Since I stopped using straps my deadlifts, shrugs and the like have improved immensely.


----------



## RyanClarke

It won't for any obvious reason.


----------



## RyanClarke

Theres no outstanding reason, for it to improve anybodys deadlift strength. (IMO)


----------



## chrisj22

kgb said:


> Where does everyone get their liquid chalk from? I'd quite like to experiment with it


You're gonna laugh, but I get mine from a ballerina's shop in my local town :lol:

It's a fairly decent price (I think) and it's fcukin' awesome!

I do feel a douche when I walk in the shop and buy it :lol:


----------



## round 2

If your grip gives out before your muscles then use straps ..no?


----------



## Salias

I will occasionally throw them on just to hit a few more reps for the sake of the back and back alone. Usually lift without them though. Improves the overall strength without them, but can help with the finish IMHO


----------



## M_at

If your grip gives out then you're not overall strong enough for the lift. Keep working at both your grip and the lift and they'll improve together.

Since switching to chalk for grip I have never failed a deadlift on grip - only because I was too exhausted to get it off the ground.

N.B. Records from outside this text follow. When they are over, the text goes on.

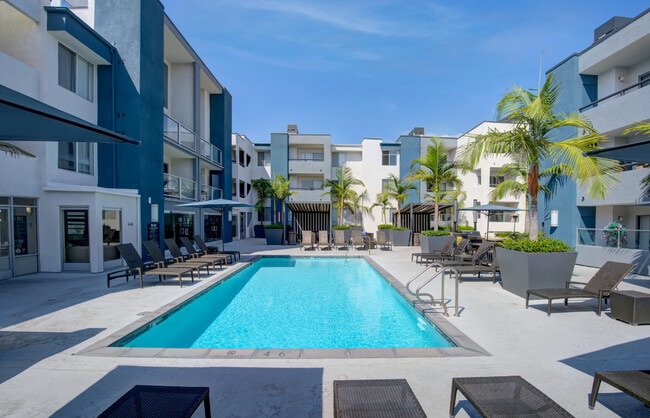 Crescent at West Hollywood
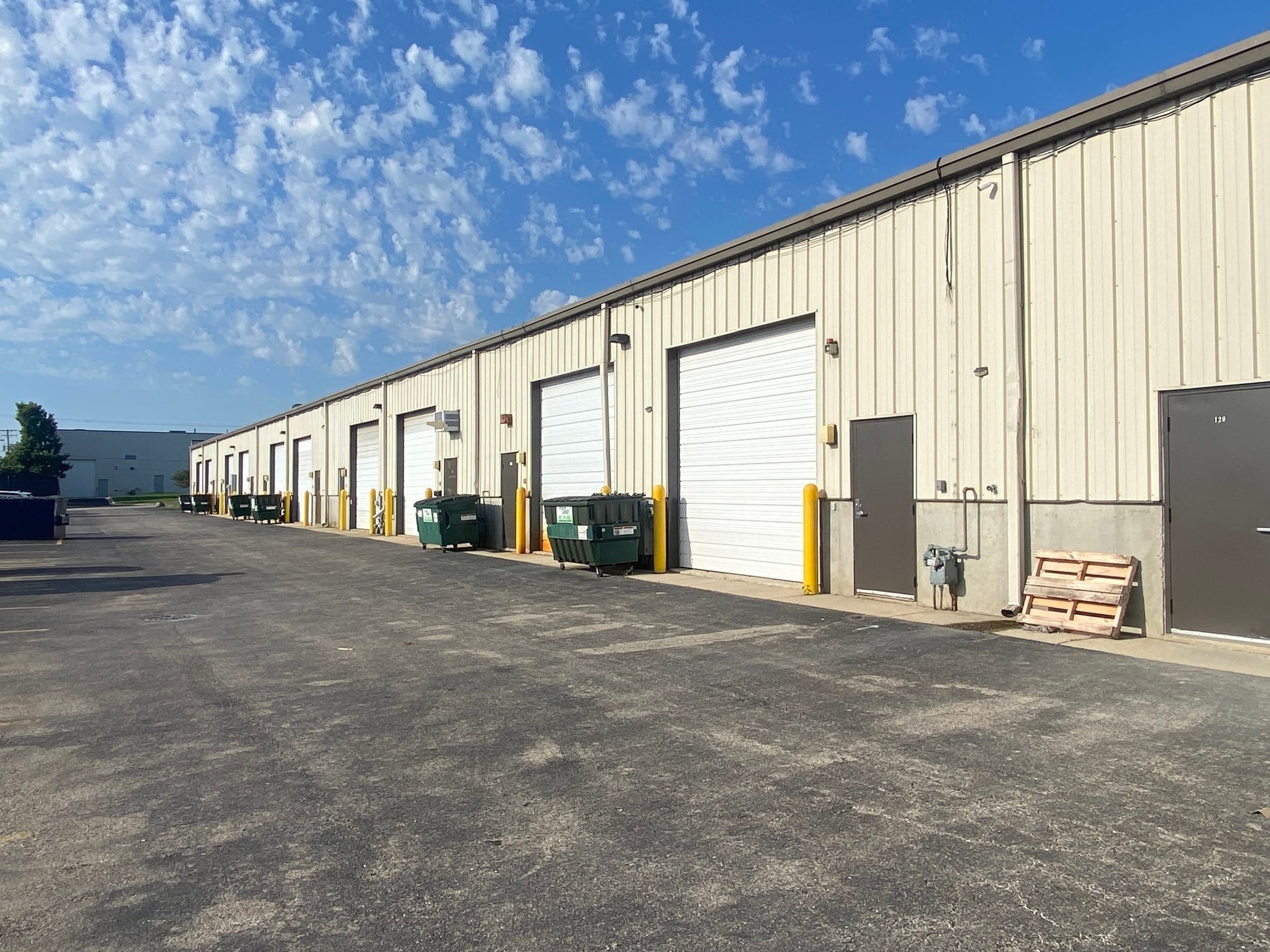 28144 W Industrial Ave, Lake Barrington, IL à louer Photo de l’immeuble– Image 1 sur 5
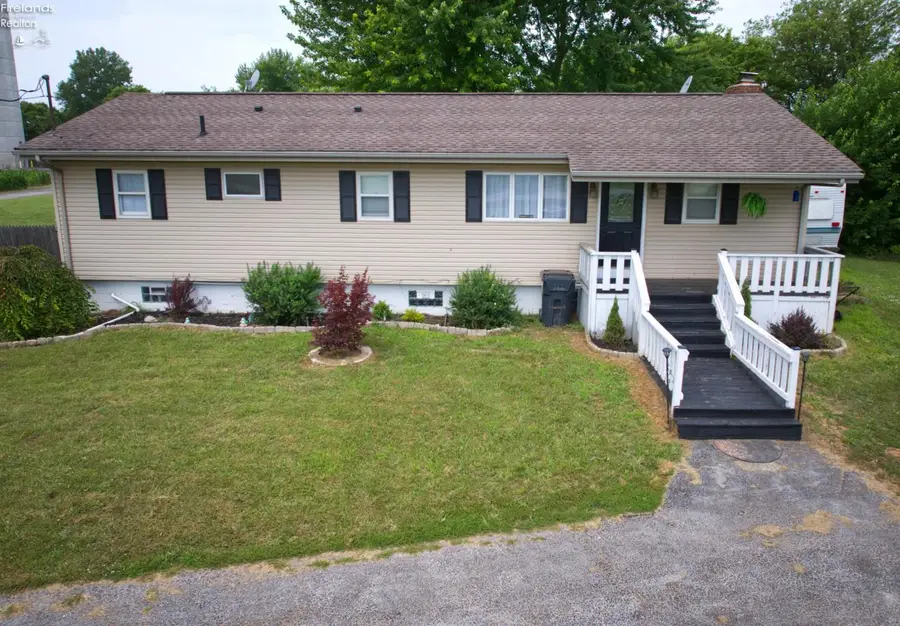 9717 Hayes Avenue, Sandusky, OH 44870 - #2
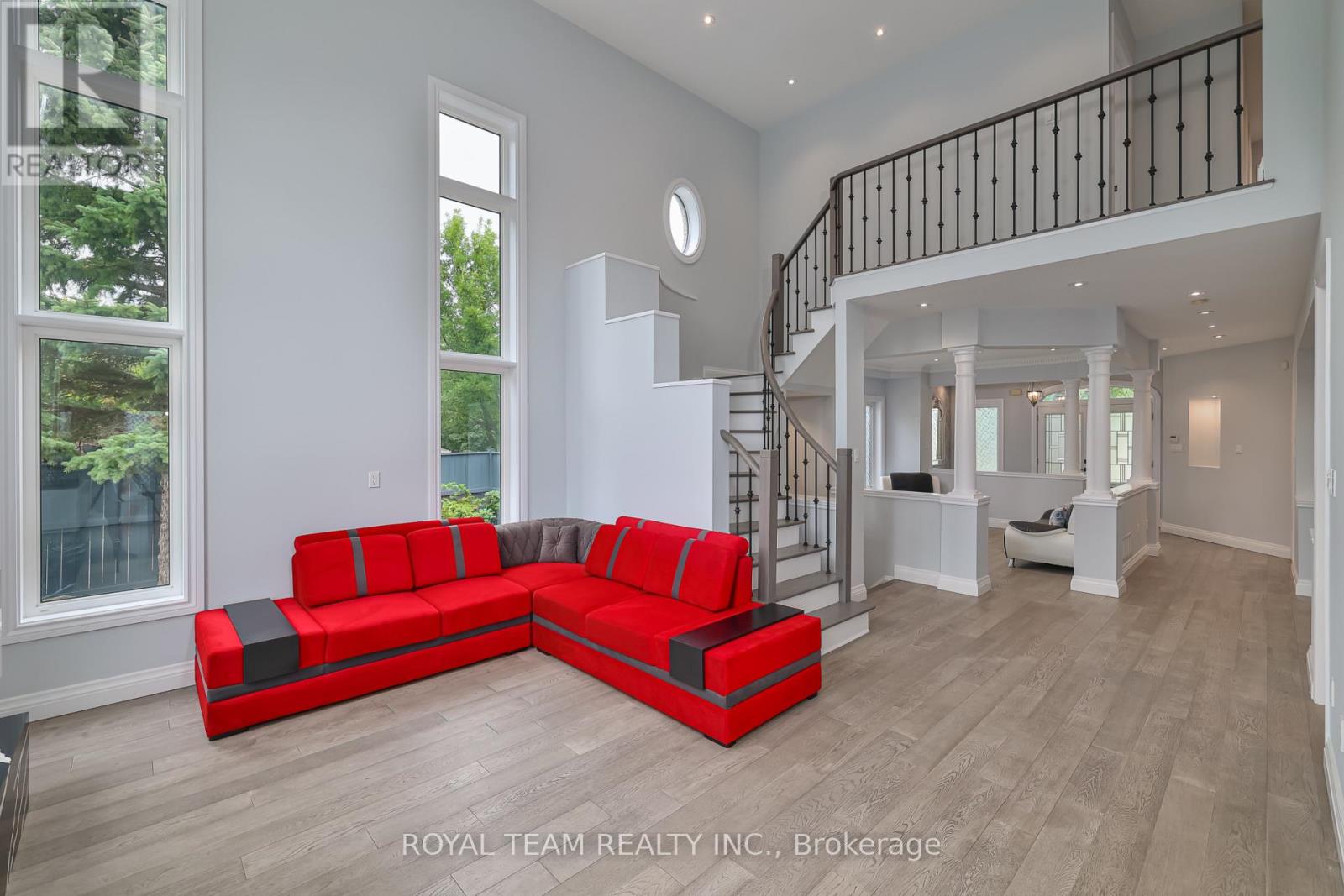 2 Gleave Court, Aurora, Ontario  L4G 7L9 - Photo 7 - N12507936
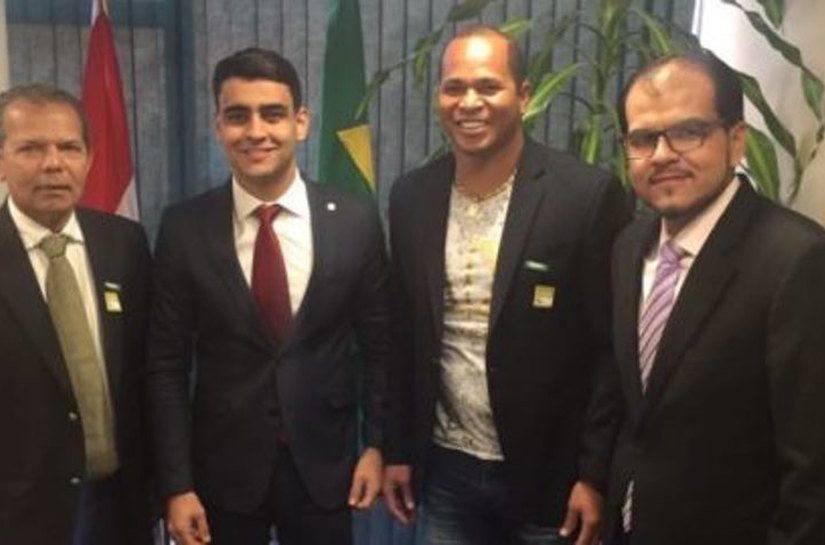 Prefeito Chico Vigário faz balanço de uma semana positiva para Atalaia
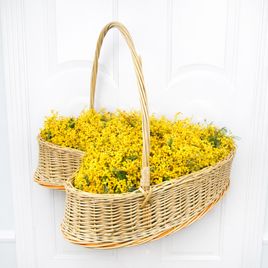 Огромная корзина сердце 201 мимоза 80×80см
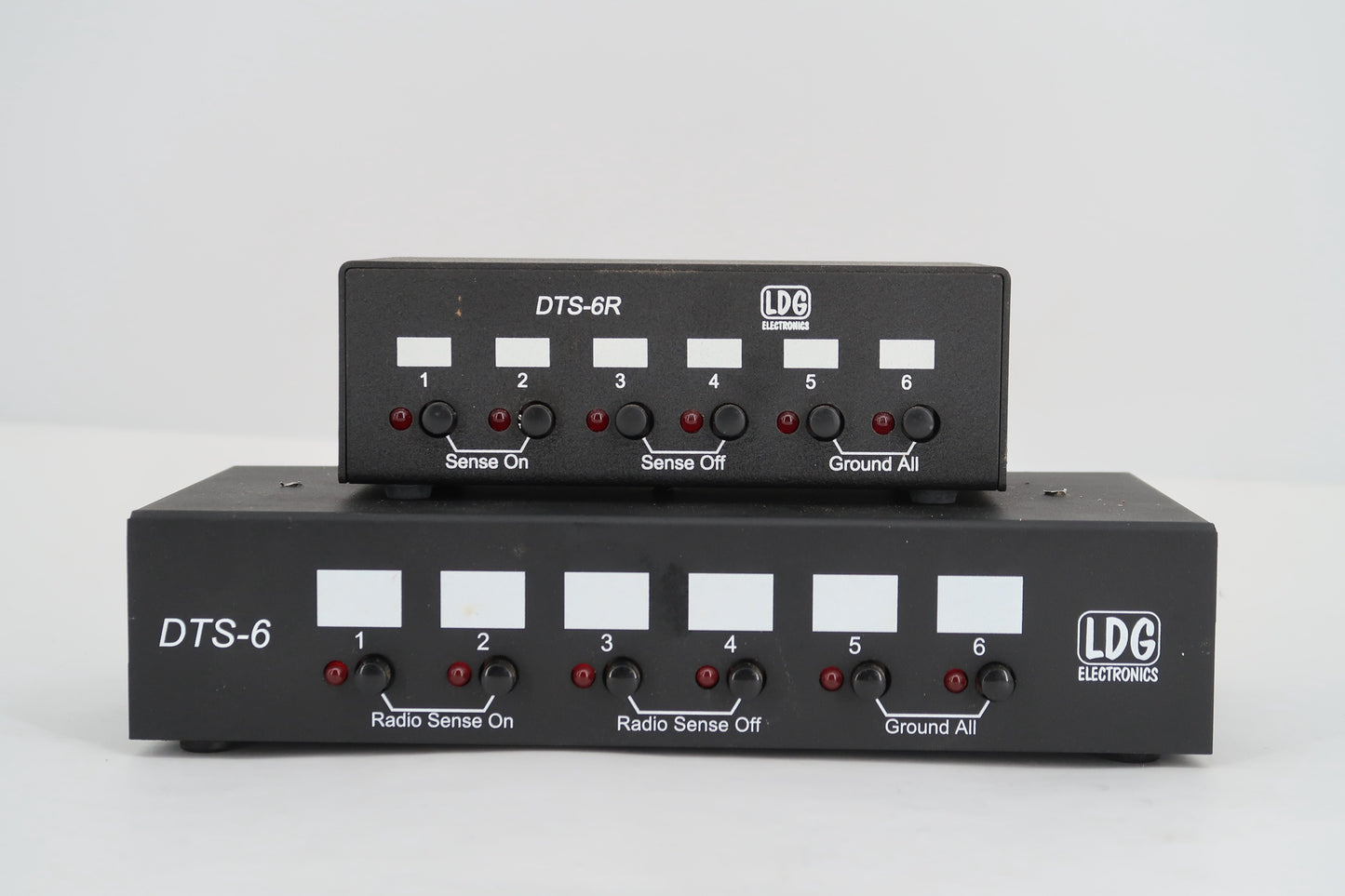 U19290 Used LDG DTS-6 Antenna Switch 6-Port w/ Remote Controller  & Power Splitters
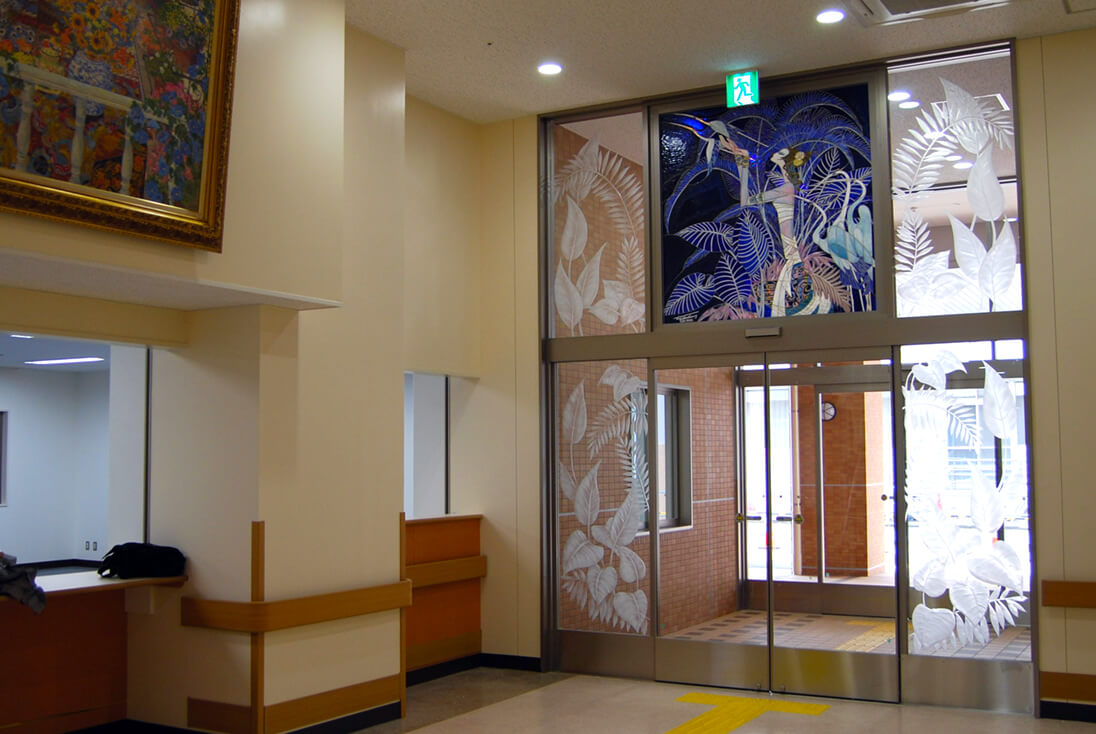 特定医療法人社団清和会 奥州病院 風除室に取付・施工したステンドグラス全体の様子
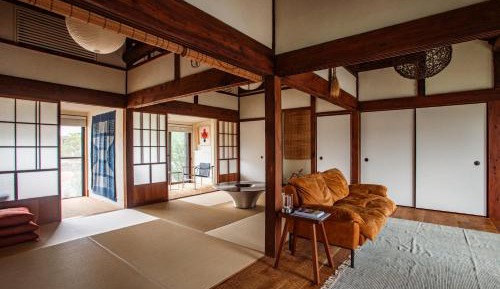 Japanese-Style Room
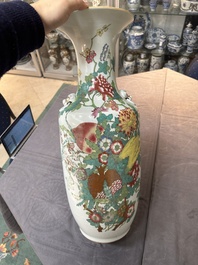 Five various Chinese famille rose vases, 19/20th C.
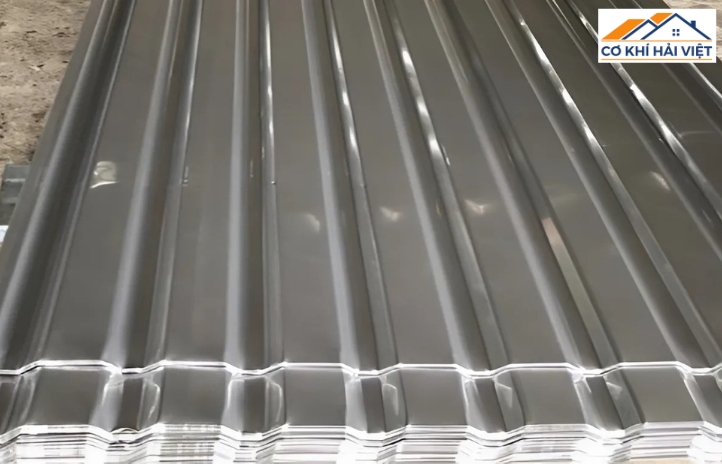 Mái tôn inox có độ bền và khả năng chống ăn mòn tuyệt vời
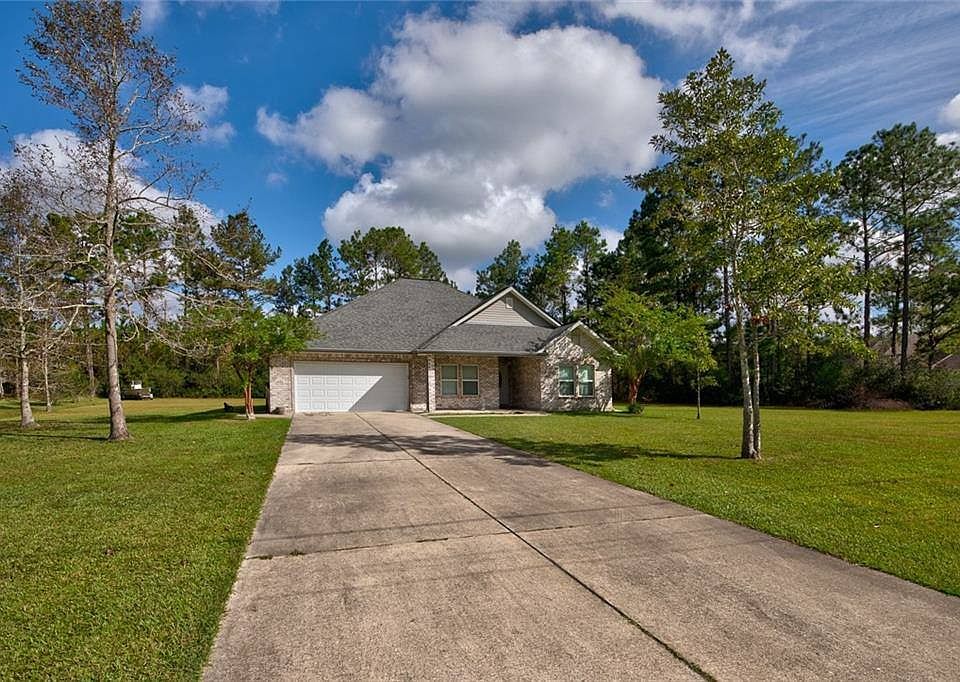1st image of 38085 Allison Ln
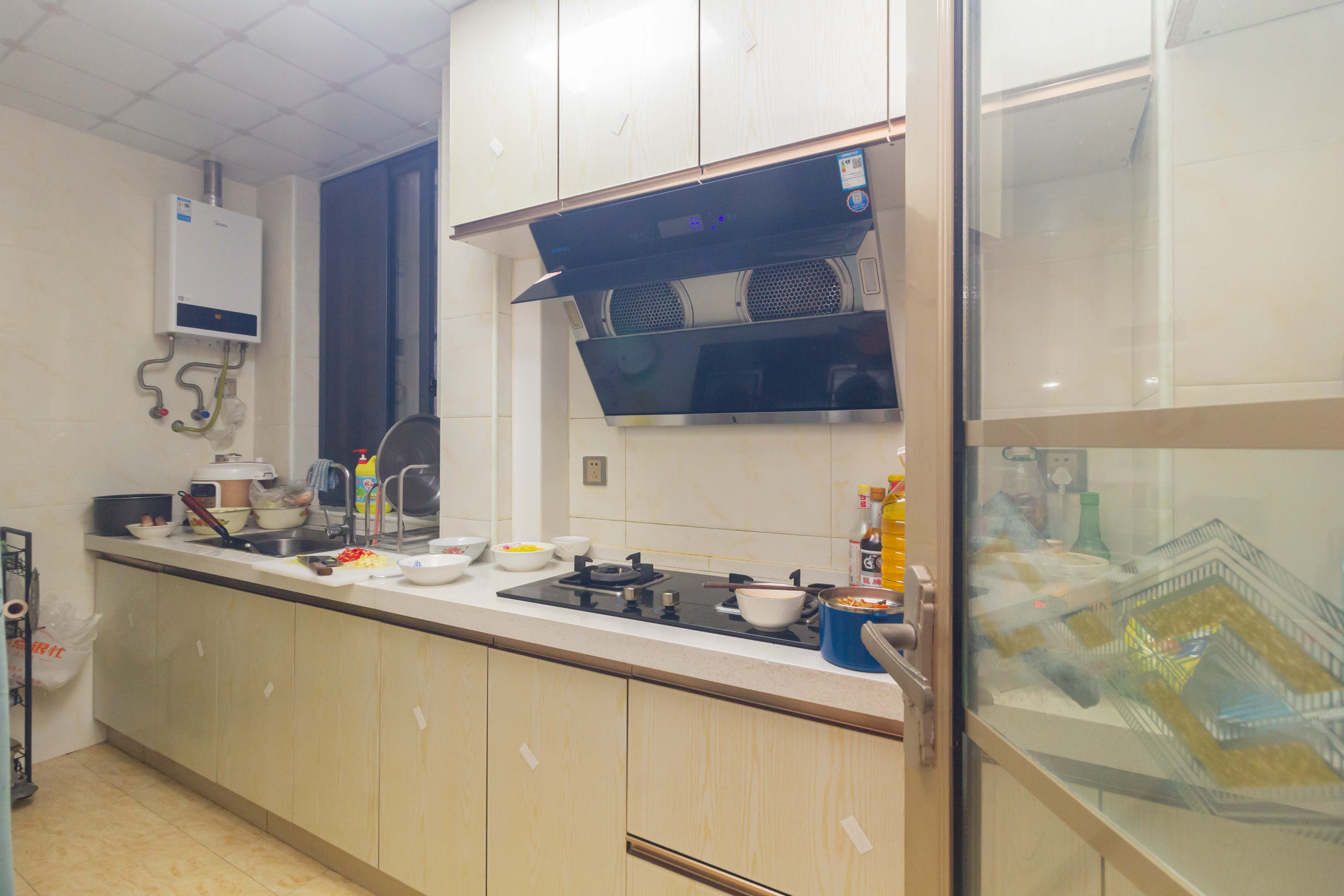 辉宏橄榄城  3室2厅1卫    60.6万 辉宏橄榄城  3室2厅1卫    60.6万厨房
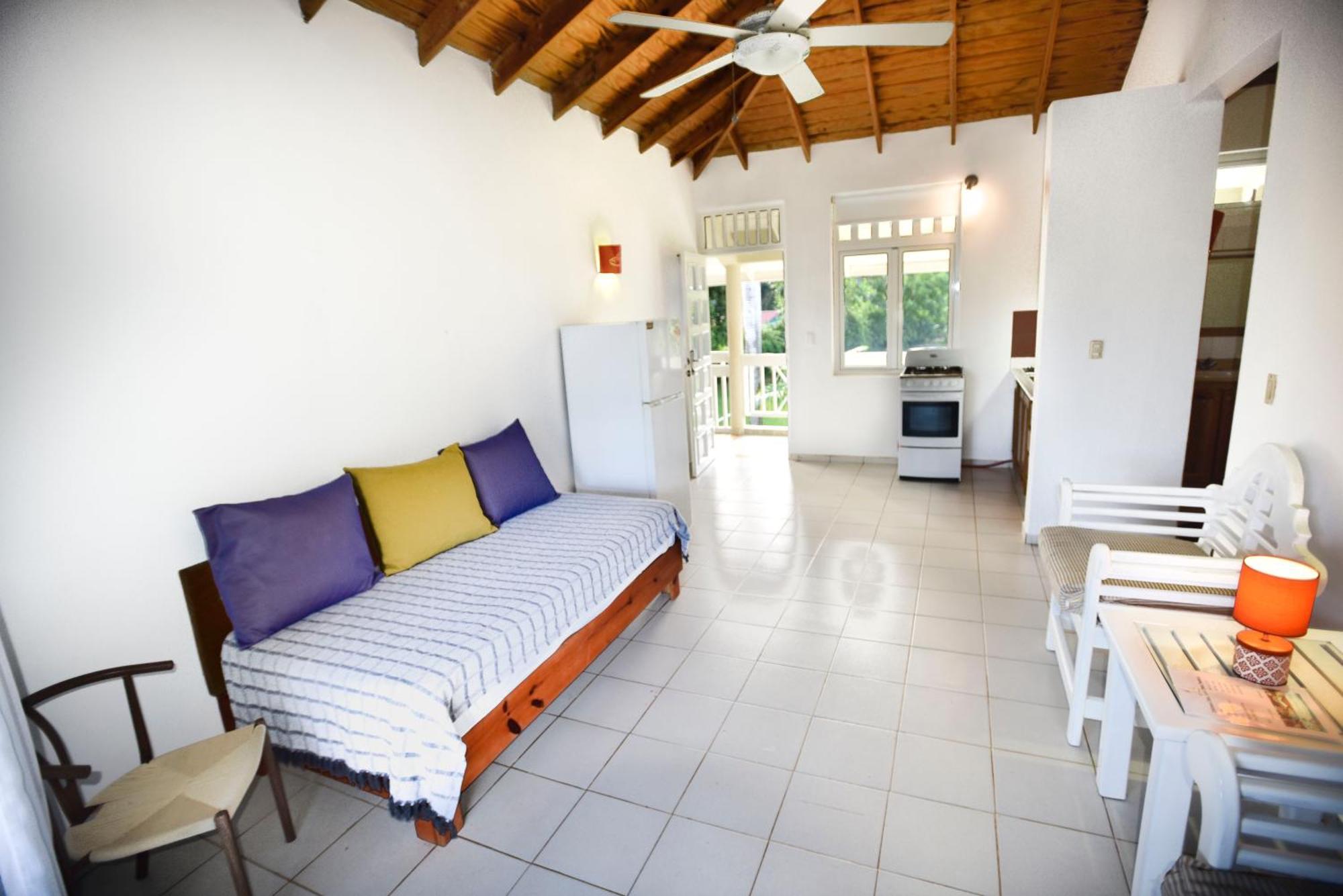 El Pelicano Aparthotel 3*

My last attempt was 227.5kg and grip didn't go at all.


----------



## Martin Jones

Interesting one.

For those who are against straps. What if your grip will only allow you to lift 300kg, but your back will and can pull more, say 330kg. Would you not want to pull 330kg and try and progress the strength in your back.

For those who use straps. Using straps can hinder your progress with grip strength, but deadlift alone won't improve your grip much after a certain point.

I for one will use straps on heavy lifts, that way my grip is fresher for other things.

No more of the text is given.